The McLaren driver lies fourth in the standings, 28 points behind leader Mark Webber with three races remaining.
The 2008 world champion told his website: "I've learnt on more than one occasion that the world championship isn't won until the very last gasp.
"I always look back to 2007 - Kimi Raikkonen was 17 points behind with two races to go but still won the title."
Hamilton, 25, finished the Japanese Grand Prix in fifth place after a difficult weekend which saw him crash in Friday practice and then suffer a five-place grid penalty for having to replace his gearbox after qualifying.
Sebastian Vettel led home Webber in a Red Bull one-two in Japan, with Ferrari's Fernando Alonso third - all increasing their advantage over Hamilton.
Alonso and Vettel are tied on 206 points, 14 points adrift of Webber, but Hamilton believes he can still close the gap on them all.
"It's getting more difficult, I'm fully aware of this. But, in a situation like this, I always look back at the 2007 season and what happened in those final two or three races," he said.
Formula 1 heads to Korea for the first time on 24 October after the new track was this week given the go-ahead to stage the race. Hamilton would like to go down in history as the man to win the inaugural race there.
He said: "I want to win again and I go to Korea believing we can do that. And, who knows, if that happens and the other championship contenders fail to score, then I'm right back in it."

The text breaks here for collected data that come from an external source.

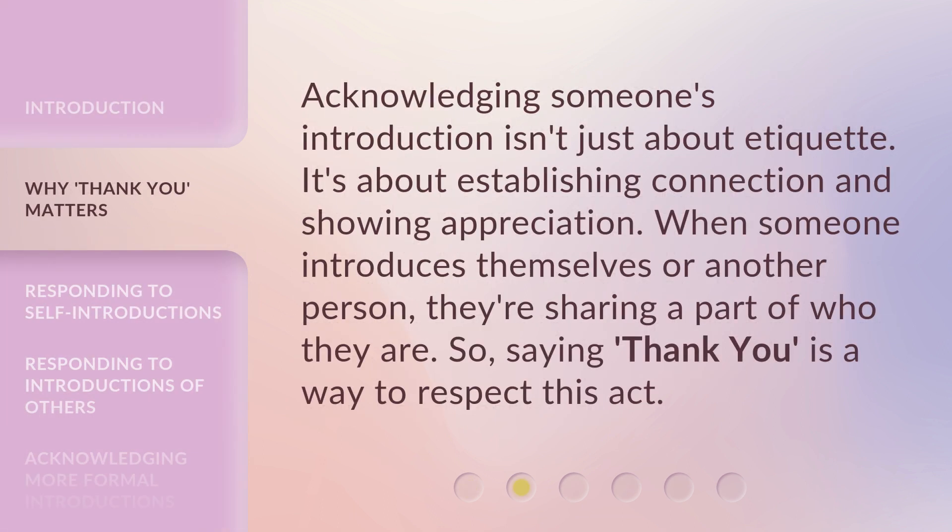Acknowledging someone's introduction isn't just about etiquette — it's about establishing connection and showing appreciation. When someone introduces themselves or another person, they're sharing a part of who they are. So, saying 'Thank You' is a way to respect this act.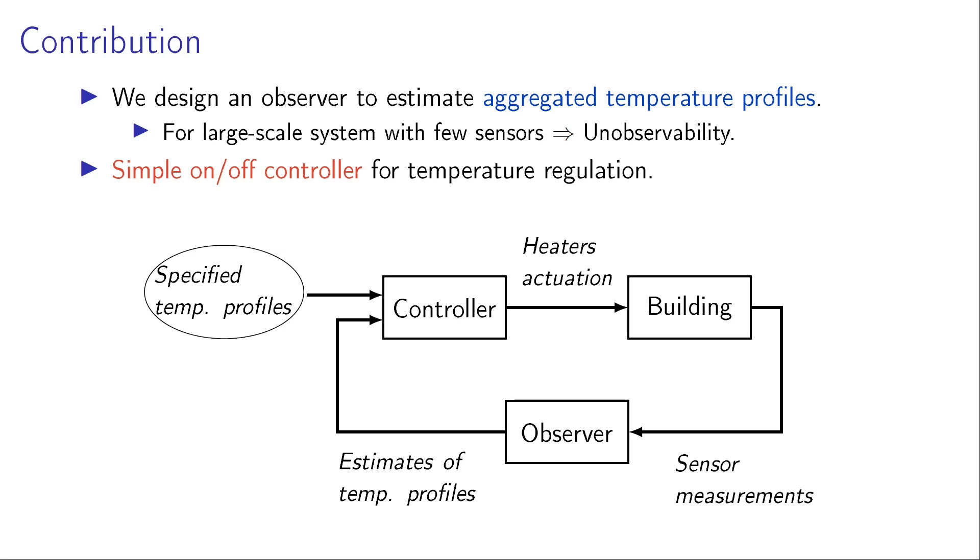On the controller side, we don't design some kind of sophisticated controller, but we use a simple on-off controller, which is used generally for temperature regulation. The controller architecture is given by a block diagram, where we have a building with heaters. On each heater there is a sensor which measures its temperature. Using these sensor measurements, our observer estimates the temperature profiles and compares them with the specified temperature profiles, and operates the controller, which in turn actuates the heaters of the building.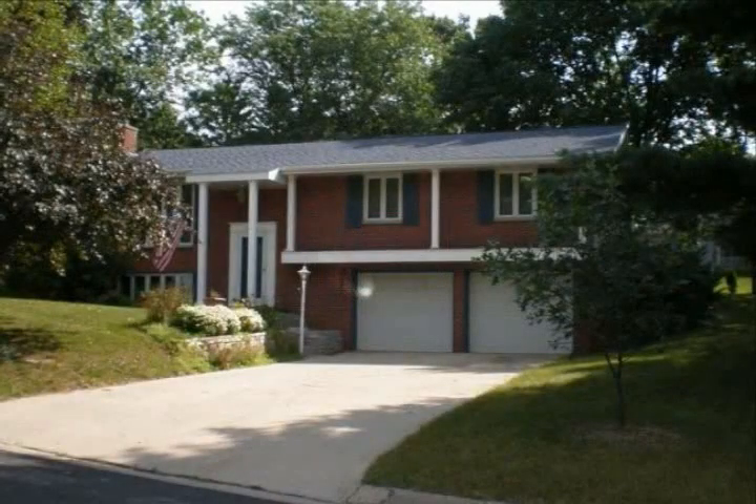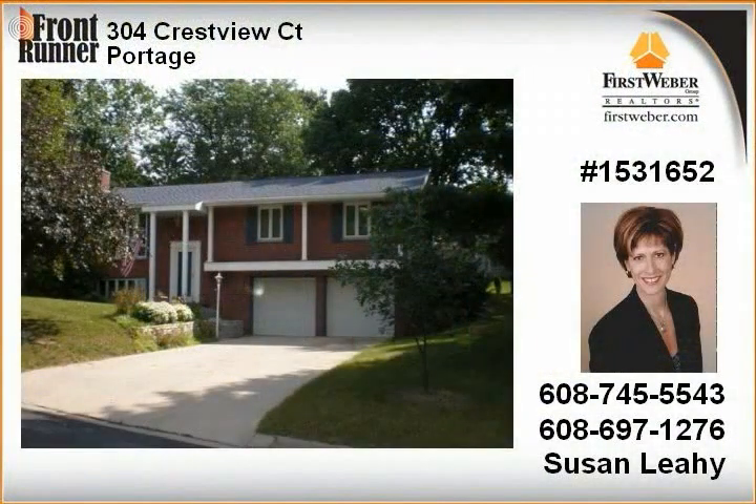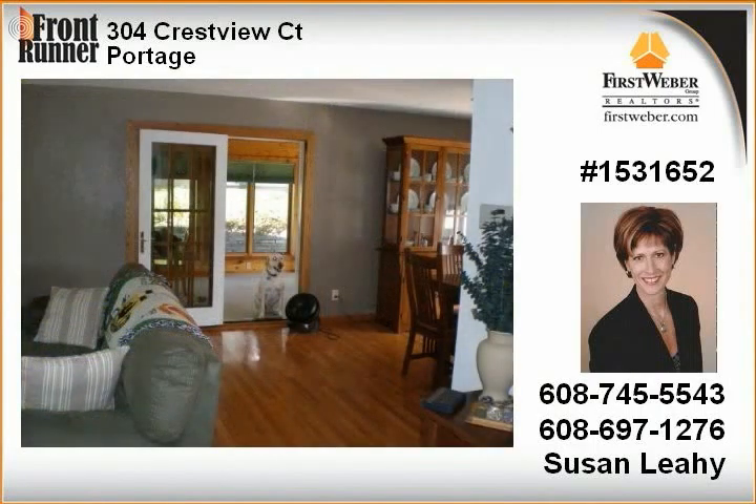This is a great cul-de-sac location, a very exceptional brick home offering room for all. Formal dining room, spacious living room, wonderful sunroom addition with walls and windows to let the outdoors in, and a great lower-level family room complete with wet bar.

However, Hamilton also has his McLaren team-mate and reigning champion Jenson Button breathing down his neck, only three points behind.
And Button, who finished fourth at Suzuka, has not written off his chances of defending his title.
"It's all relative. At this time of the season, if you're ahead on points then you can't do anything risky, but if you're behind, then you've got more confidence to be aggressive, because you've got less to lose," Button told his website.
"For me it's a very different situation compared to where I was last year, and I'm actually looking forward to taking the fight to the leaders, because I've got nothing to lose by doing that.
"And luck has a habit of going in cycles, our team hasn't had the greatest of fortunes recently, so who knows what'll happen at the next race? It could all turn around."